Ferrari Revs Up Personalization with Gen AI
In its article, Ferrari Advances Generative AI for Customer Personalization and Production Efficiency , AWS, the cloud provider, explains, “To bring the luxury experience to customers around the world, Ferrari developed the car configurator on AWS, giving its customers the ability to personalize their own Ferrari, from wheel selection to paint colors to interior options.” Customer can test out various configurations, while customizing their vehicle to suit their needs. User can use the 3D car imagery to rotate and zoom in and out of their chosen Ferrari. The Italian sports car manufacturer uses LLMs to personalize the images. Since introducing the car configurator , Ferrari’s sales leads have risen. They have also seen a 20% reduction in car configuration times.
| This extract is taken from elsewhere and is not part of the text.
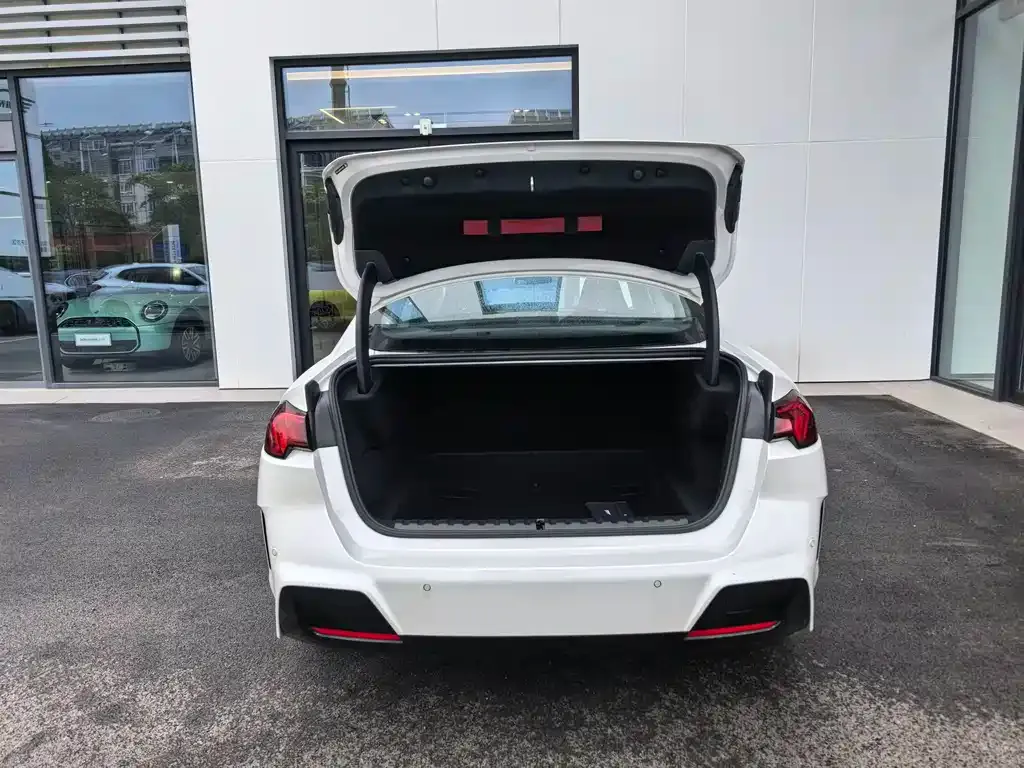 BMW 2 Series 2026 из CN, фото 7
Gen AI chatbots enhance Ferrari’s after-sales experience as well. They assist sales professionals and technicians with customer issues. Ferrari uses AWS to train “its chatbot to classify and summarize customer care tickets and answer commonly asked questions that help to reduce human error while improving productivity.” They also use generative AI to increase productivity and “make it simpler for our fans, dealers, and employees to have the best digital experiences with Ferrari,” says Silvia Gabrielli , Chief Digital and Data Officer, Ferrari.
Conclusion
Gen AI is a subset of AI that excels in creating various types of content that are often indistinguishable from human-generated content. As organizations increasingly adopt Gen AI, robust data governance becomes essential to ensure ethical use. Deloitte believes, “The fast-evolving landscape of Generative AI presents a massive opportunity for organisations to revolutionise their business and build on new opportunities, but this comes with the obligation to ensure that Generative AI is used in a responsible and ethical manner that minimises risk to organisations and individuals.”
Gen AI is a highly impressive technology, but without proper data governance, Gen AI capabilities could expose the organization to a number of unnecessary risks. Data governance ensures that organisations comply with relevant data protection regulations when using Generative AI. Data governance can help maintain data quality as well as mitigate risks associated with data biases and compliance violations.